Invasão – Vários Alvos – Abkhazyan

Identificamos, em 08/09, publicação pelo grupo Abkhazyan de lista de 10 páginas suscetíveis a exploração de vulnerabilidade de desserialização Java.

A publicação ocorreu no site de compartilhamento de código Ghostbin e apresenta 5 páginas vinculadas a entidades públicas brasileiras vulneráveis: Caixa Econômica (2), Ministério do Planejamento, Secretaria da Fazenda do Rio de Janeiro, Secretaria de Segurança Pública do Estado do Tocantins. Além disso, página da Unimed está entre as indicadas como vulneráveis.
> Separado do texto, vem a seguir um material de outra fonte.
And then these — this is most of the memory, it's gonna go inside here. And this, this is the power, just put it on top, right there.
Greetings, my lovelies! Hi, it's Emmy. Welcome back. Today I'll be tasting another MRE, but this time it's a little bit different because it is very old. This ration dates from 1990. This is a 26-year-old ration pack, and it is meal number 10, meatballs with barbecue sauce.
Lista Páginas Vulneráveis – Desserialização Java

Detalhe curioso, uma do Departamento de Recursos Naturais de Porto Rico está na lista de páginas vulneráveis.

Essa divulgação ocorre na sequência de vídeo publicado com prova de conceito de exploração da mesma vulnerabilidade (Invasão – Sefaz/RJ – SNM Anops), o que confere credibilidade para a publicação.

SQLi

Um dos integrantes do Abkhazyan, o hacker SNM Anops, publicou novo vídeo em seu canal do YouTube (SNM Anops) sobre extração de dados por meio da injeção de SQL (SQLi), pelo áudio o objetivo parece ser acadêmico/pesquisa.
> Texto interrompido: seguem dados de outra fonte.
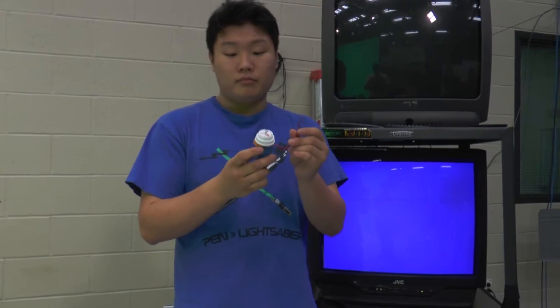Now that I've got it all charged, I touch the one wire into the screw.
SQLi – SQLMap – Itapeva/SP

O vídeo demonstra a utilização da ferramenta SQLMap para extração de dados da página do Município de Itapeva/SP.

Clique aqui para acessar o vídeo no YouTube.
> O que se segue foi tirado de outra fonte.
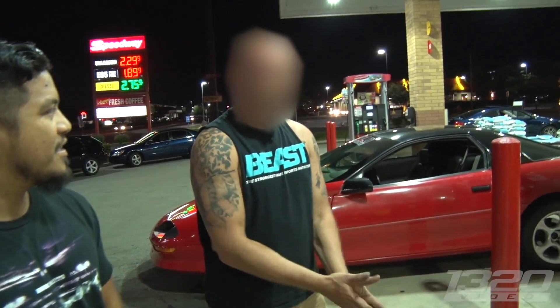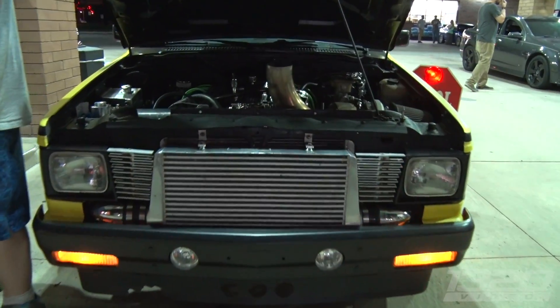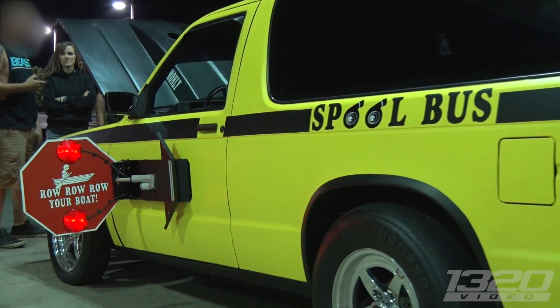What motor do these come with? Factory 2.8 P6. That's an 80mm? 80mm S480 T4. What cubic inches of motor? 355, 30 over, fully built bottom, heads, cam, intake.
O Lab não realizou a exploração da vulnerabilidade exibida pelo vídeo, nem mesmo como prova de conceito.

Observação

Há histórico de vazamentos de dadossobre o domínio www.educacao.itapeva.sp.gov.br com conteúdo similar ao apresentado no vazamento supramencionado:

  • pastebin.com/YeuLZHnF – já removido (autoria: YmmurcBan) – 2018-03-23,
  • Em janeiro de 2018 uma publicação no Pastebin indicou os resultados de ferramenta de varredura:
Vazamento – Itapeva/SP
  • Em dezembro de 2017, segunda publicação no Pastebin, dessa vez o hacker SperowPT, vinculado ao grupo indonésio RebellionGhost. Nesse vazamento duas senhas foram publicadas em texto claro.
Vazamento – Itapeva/SP
  • Por fim, em novembro de 2016, terceira publicação no Pastebin pelo hacker Vplaza. Nesse vazamento as mesmas duas senhas foram publicadas em texto claro.
Vazamento – Itapeva/SP

Esse histórico sugere que esse ativo computacional foi/está comprometido há muito tempo e pode estar sendo utilizado pelo atacante para outras atividades maliciosas, como repositório de artefatos e proxy, por exemplo.